**Assignment**
Given the records underneath, please repeat exactly the lines from the line with "小鹅苗正宗狮头鹅活苗汕头特大型狮子头鹅特大种灰狮头鹅幼苗活体" through the line with "Pet Treats or Toys", passing over any picture.

**Data for review**
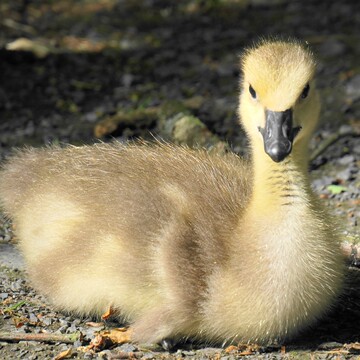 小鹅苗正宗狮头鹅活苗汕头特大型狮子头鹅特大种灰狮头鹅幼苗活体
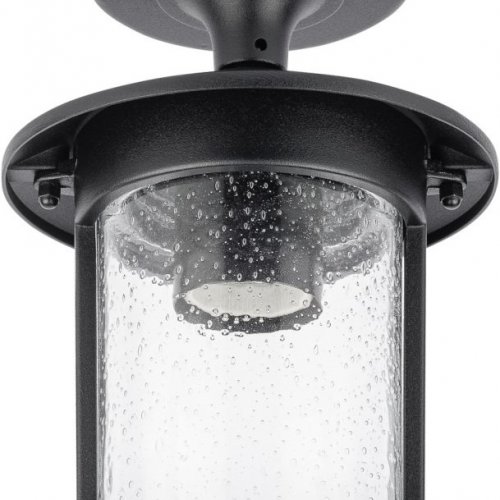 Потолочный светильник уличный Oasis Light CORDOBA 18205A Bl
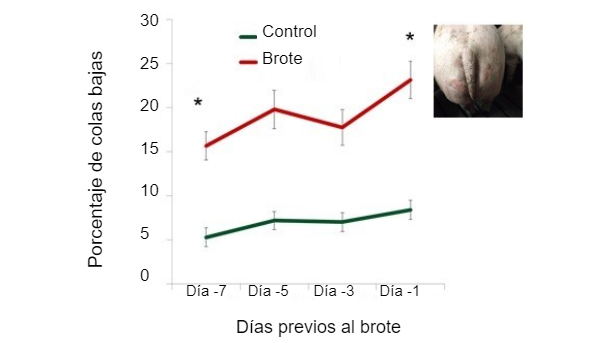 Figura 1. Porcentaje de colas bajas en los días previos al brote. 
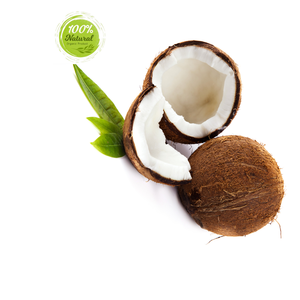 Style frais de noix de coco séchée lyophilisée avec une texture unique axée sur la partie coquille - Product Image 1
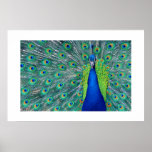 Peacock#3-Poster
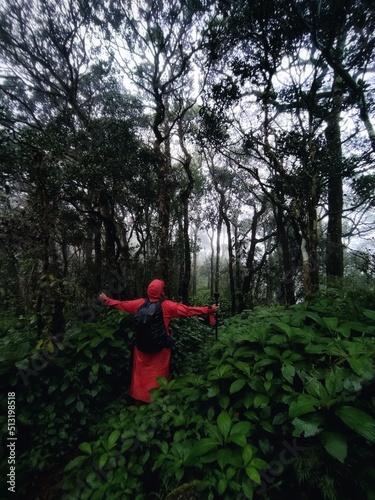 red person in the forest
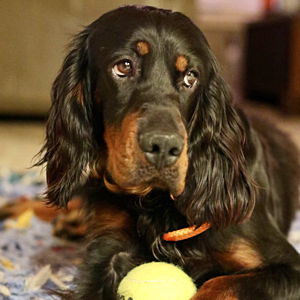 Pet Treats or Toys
==
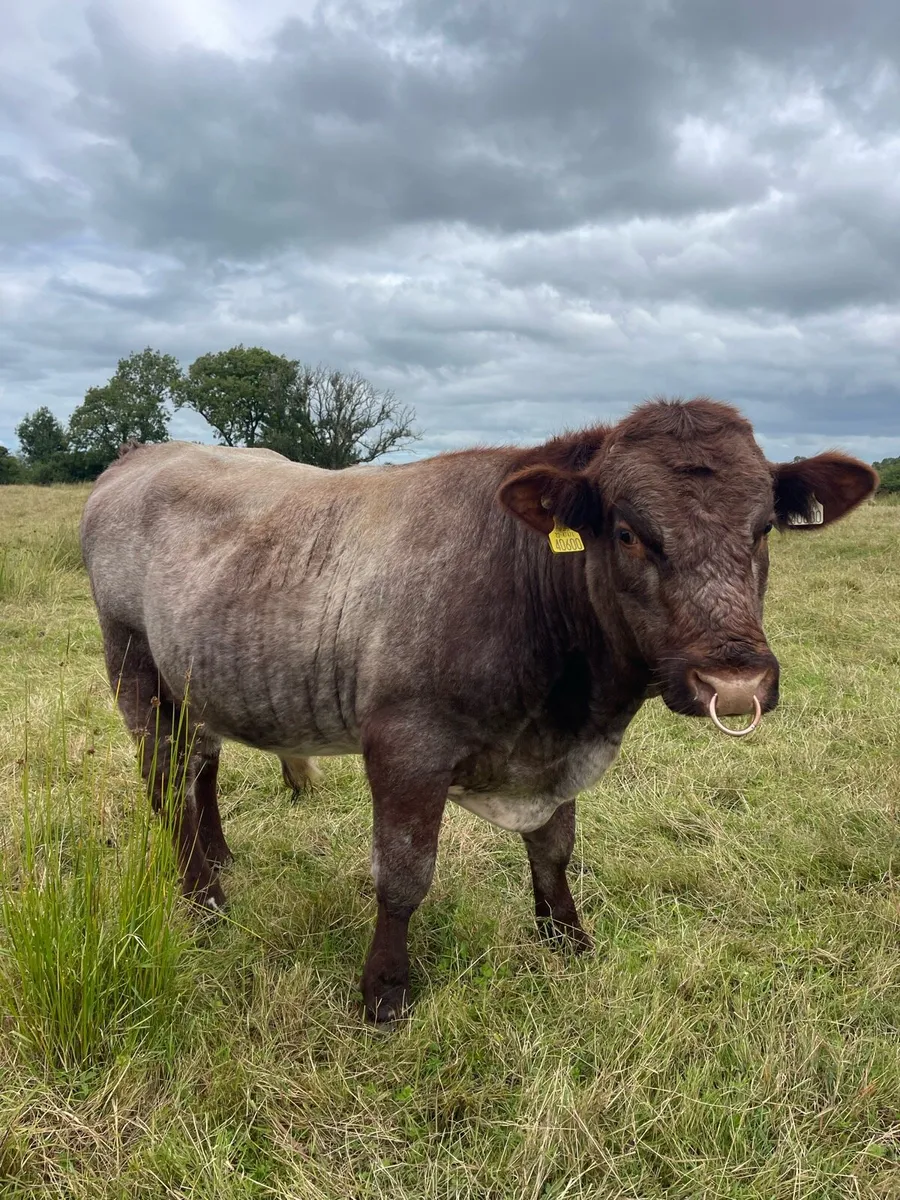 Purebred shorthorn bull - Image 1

**Answer for the task**
 小鹅苗正宗狮头鹅活苗汕头特大型狮子头鹅特大种灰狮头鹅幼苗活体
 Потолочный светильник уличный Oasis Light CORDOBA 18205A Bl
 Figura 1. Porcentaje de colas bajas en los días previos al brote. 
 Style frais de noix de coco séchée lyophilisée avec une texture unique axée sur la partie coquille - Product Image 1
 Peacock#3-Poster
 red person in the forest
 Pet Treats or Toys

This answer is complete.